[EXERCISE DATA]
↓

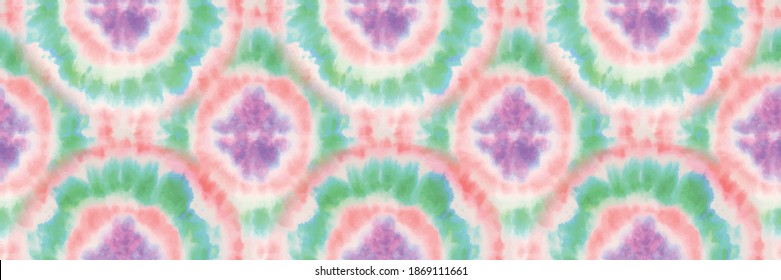 Vector Tie Dye Circle. Floral Hippie.  Dyed Round Repeat. Hippy Circle Grunge. Seamless White Tie Dye. Multi Tie Dye Background. Stripe Tie Die Circle. Seamless Abstract Circle. Pastel Round Pattern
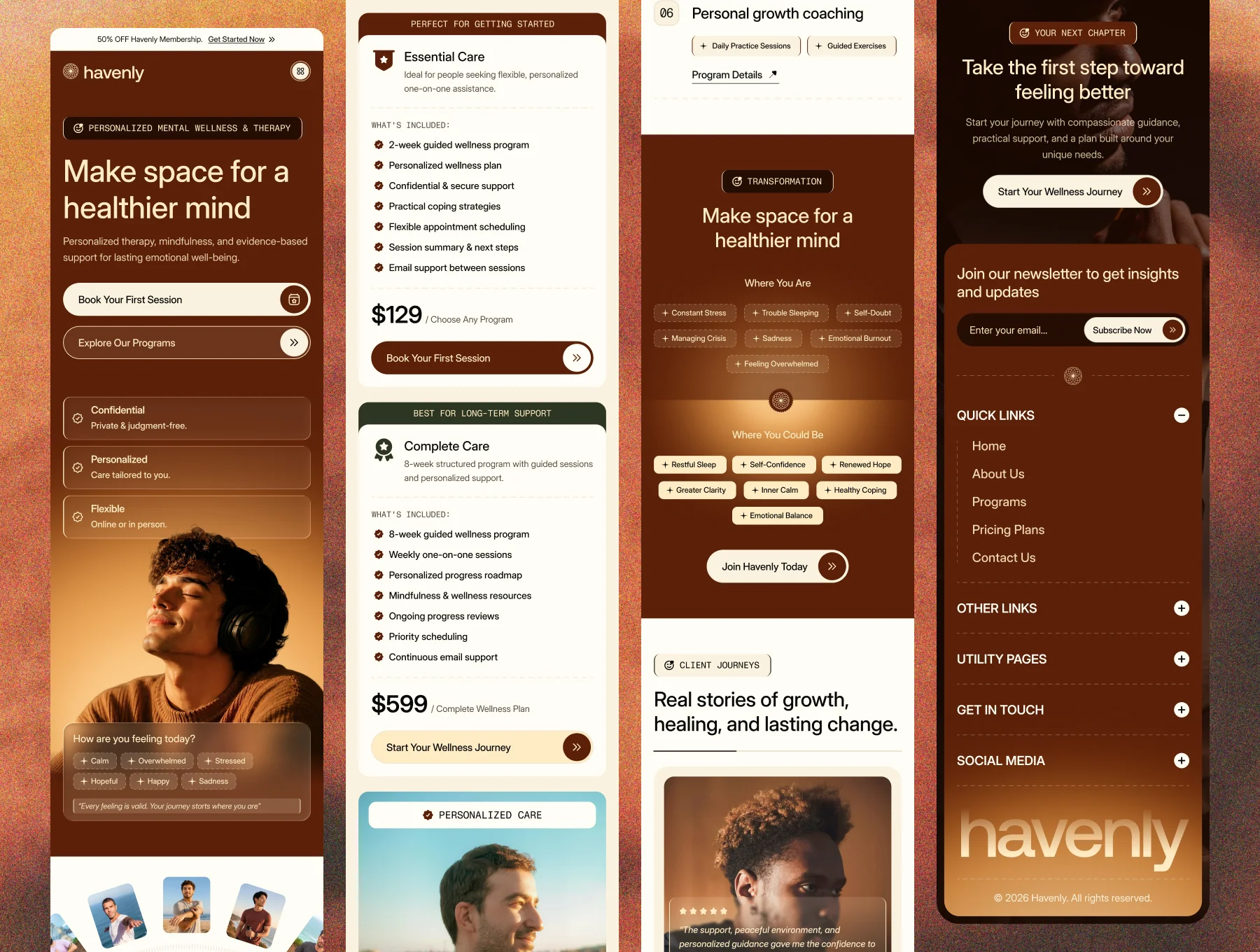 Havenly - Mental Wellness & Therapy Website Template 5
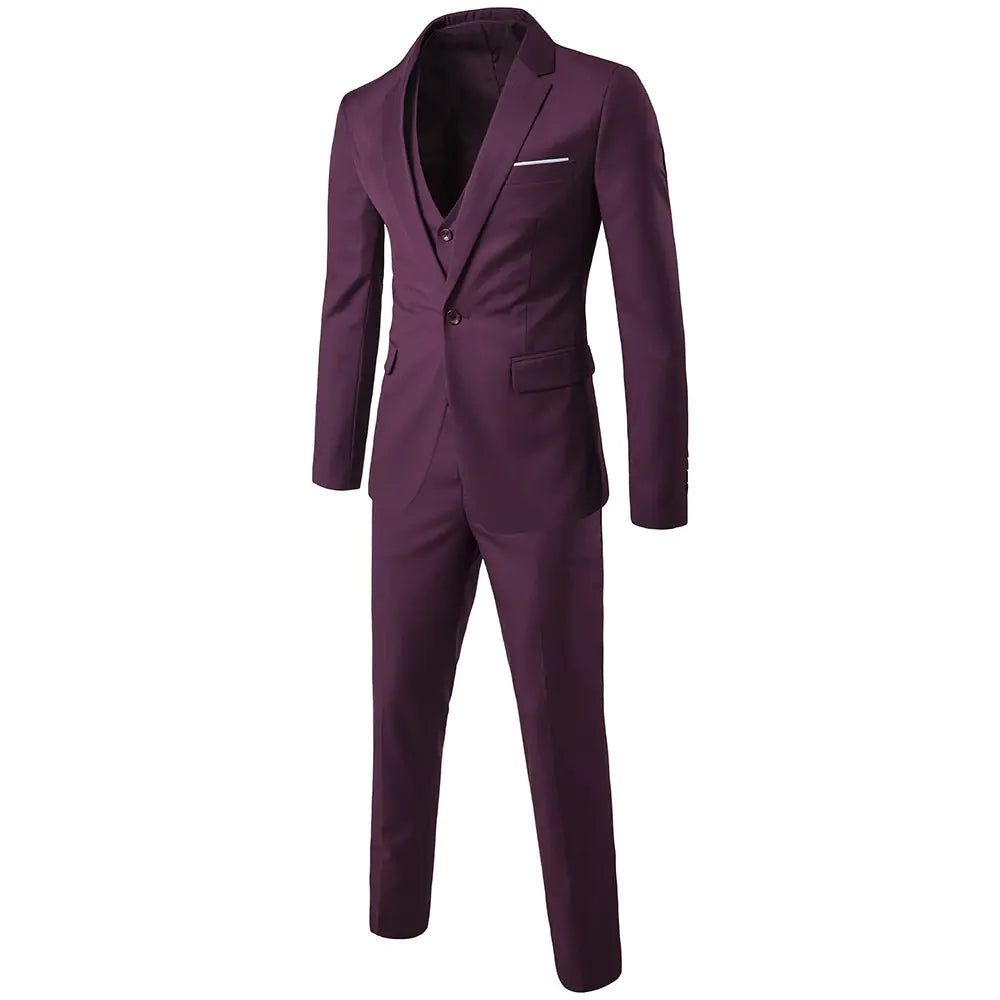Men's Slim Fit Solid Color Business Suit Set (3 Pieces)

↑

[WHAT YOU ARE ASKED TO DO]
Every line above should be reproduced exactly, please, with no pictures included.

[FINAL ANSWER]
 Vector Tie Dye Circle. Floral Hippie.  Dyed Round Repeat. Hippy Circle Grunge. Seamless White Tie Dye. Multi Tie Dye Background. Stripe Tie Die Circle. Seamless Abstract Circle. Pastel Round Pattern
 Havenly - Mental Wellness & Therapy Website Template 5
Men's Slim Fit Solid Color Business Suit Set (3 Pieces)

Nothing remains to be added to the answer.